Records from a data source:
☆ ☆ ☆ ☆ ☆ ☆ ☆
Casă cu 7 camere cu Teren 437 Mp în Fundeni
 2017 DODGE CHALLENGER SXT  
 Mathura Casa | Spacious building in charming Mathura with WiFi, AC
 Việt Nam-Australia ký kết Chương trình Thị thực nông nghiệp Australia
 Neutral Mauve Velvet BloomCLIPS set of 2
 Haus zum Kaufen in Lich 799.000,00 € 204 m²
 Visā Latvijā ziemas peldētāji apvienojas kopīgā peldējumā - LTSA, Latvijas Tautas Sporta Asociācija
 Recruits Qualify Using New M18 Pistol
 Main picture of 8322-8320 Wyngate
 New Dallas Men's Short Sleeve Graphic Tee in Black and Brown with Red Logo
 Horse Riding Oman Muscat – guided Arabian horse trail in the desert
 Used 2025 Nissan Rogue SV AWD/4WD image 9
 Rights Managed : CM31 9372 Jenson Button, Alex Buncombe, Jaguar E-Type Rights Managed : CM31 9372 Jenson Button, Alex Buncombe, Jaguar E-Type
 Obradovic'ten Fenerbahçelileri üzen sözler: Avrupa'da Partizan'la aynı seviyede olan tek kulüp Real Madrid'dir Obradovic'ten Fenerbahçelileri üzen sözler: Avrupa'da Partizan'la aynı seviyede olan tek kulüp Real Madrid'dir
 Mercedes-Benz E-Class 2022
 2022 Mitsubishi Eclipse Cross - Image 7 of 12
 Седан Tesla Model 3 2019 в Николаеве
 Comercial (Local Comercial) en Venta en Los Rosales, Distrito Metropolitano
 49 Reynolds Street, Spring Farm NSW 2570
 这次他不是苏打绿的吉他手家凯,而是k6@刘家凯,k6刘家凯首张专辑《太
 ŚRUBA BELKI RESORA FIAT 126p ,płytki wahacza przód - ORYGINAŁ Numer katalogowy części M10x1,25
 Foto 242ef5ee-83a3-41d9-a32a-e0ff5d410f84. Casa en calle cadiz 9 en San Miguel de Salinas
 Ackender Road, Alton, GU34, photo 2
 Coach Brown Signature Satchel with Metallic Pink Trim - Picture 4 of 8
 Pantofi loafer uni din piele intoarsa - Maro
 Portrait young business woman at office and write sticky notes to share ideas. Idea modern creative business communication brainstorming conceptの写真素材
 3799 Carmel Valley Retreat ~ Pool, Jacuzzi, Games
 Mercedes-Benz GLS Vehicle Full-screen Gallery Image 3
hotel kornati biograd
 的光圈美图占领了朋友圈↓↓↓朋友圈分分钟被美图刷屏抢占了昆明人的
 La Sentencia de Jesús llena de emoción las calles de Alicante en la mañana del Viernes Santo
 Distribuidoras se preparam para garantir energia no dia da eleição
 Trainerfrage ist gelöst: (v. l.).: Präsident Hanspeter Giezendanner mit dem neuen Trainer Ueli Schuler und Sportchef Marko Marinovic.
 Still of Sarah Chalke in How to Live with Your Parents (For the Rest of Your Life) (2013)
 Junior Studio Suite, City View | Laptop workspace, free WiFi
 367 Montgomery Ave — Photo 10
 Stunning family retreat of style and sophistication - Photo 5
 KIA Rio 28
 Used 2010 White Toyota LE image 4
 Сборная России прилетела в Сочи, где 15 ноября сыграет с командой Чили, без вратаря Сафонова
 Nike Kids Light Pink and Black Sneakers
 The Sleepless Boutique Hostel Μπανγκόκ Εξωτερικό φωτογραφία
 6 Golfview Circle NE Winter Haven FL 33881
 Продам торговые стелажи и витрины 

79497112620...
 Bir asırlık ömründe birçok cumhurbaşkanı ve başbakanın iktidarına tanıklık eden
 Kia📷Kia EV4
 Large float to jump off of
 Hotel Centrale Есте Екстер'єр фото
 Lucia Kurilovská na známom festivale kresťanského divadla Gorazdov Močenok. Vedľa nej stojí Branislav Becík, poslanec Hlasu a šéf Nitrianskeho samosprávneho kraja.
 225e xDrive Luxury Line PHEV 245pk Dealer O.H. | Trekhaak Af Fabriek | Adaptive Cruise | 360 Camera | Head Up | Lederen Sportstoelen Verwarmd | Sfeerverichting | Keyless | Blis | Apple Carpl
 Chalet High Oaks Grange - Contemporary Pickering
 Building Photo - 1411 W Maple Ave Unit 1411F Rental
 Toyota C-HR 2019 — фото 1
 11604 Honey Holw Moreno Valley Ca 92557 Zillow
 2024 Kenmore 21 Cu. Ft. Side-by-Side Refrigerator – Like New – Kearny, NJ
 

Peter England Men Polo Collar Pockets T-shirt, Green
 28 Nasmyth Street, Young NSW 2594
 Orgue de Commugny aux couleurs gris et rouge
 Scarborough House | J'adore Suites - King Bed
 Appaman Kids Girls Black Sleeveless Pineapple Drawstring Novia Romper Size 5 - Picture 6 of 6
☆ ☆ ☆ ☆ ☆ ☆ ☆
-- ACTIVITY --
The output should be exactly the lines above from the line containing "Recruits Qualify Using New M18 Pistol" to the line containing "Used 2025 Nissan Rogue SV AWD/4WD image 9", inclusive, with no other lines.

-- RESULT FOR THIS EXERCISE --
 Recruits Qualify Using New M18 Pistol
 Main picture of 8322-8320 Wyngate
 New Dallas Men's Short Sleeve Graphic Tee in Black and Brown with Red Logo
 Horse Riding Oman Muscat – guided Arabian horse trail in the desert
 Used 2025 Nissan Rogue SV AWD/4WD image 9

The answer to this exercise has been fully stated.